Contents
PR Summary
What problems was I solving
Before this change, ordinary document uploads and edits in the Documents Service did not automatically flow into Brain's knowledge corpus updates; Brain corpora were only rebuilt through domain onboarding. Additionally, Brain RAG-Fusion retrieval was not filtered to a published corpus version, so chunks from superseded or incomplete corpus states could be returned.
What user-facing changes did I ship
Documents uploads and edits now automatically update Brain's default knowledge corpus. Brain-grounded retrieval respects the latest published corpus version, reducing stale or partial corpus results.

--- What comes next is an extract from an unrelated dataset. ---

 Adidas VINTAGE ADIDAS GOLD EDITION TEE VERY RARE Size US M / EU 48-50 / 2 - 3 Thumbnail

During the transition, tenants without a published Brain corpus fall back to document retrieval so answers remain available.
How I implemented it
The PR wires Documents Service ingestion to best-effort trigger a new tenant-scoped documentCorpusUpdateBatchWorkflow after a document is marked ready. The batch workflow coalesces document-version signals, starts per-document claim extraction early while the batch is still open, reuses existing pending/processing/completed extractions to avoid duplicate model work, bounds batches by idle debounce/max duration/max count, and continues-as-new to limit history. Completed batch extractions feed the existing document-to-corpus pipeline, which now publishes complete corpus manifests by merging changed document sources with unchanged current corpus sources. Corpus publication now stages default_corpus_version_ids membership in Turbopuffer before flipping knowledge_corpora.current_version_id. Brain RAG-Fusion retrieval loads the latest published corpus version and filters keyword/semantic Turbopuffer searches to that version, falling back to Documents retrieval when no corpus has been published.

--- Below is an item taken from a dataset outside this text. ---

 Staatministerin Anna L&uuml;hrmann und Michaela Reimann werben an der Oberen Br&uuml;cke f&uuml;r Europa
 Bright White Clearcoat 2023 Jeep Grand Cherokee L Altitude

Description for the changelog
Implemented ARC-2356 so document uploads and edits automatically feed Brain's default knowledge corpus through a tenant-scoped, coalesced batch workflow with early, idempotent claim extraction. Corpus publishes now merge changed document sources into the current published manifest, stage Turbopuffer corpus-membership metadata before flipping the current version, and Brain RAG-Fusion retrieval is filtered to the latest published corpus version. A post-release source-chunk re-index is required for tenants with existing Brain corpora.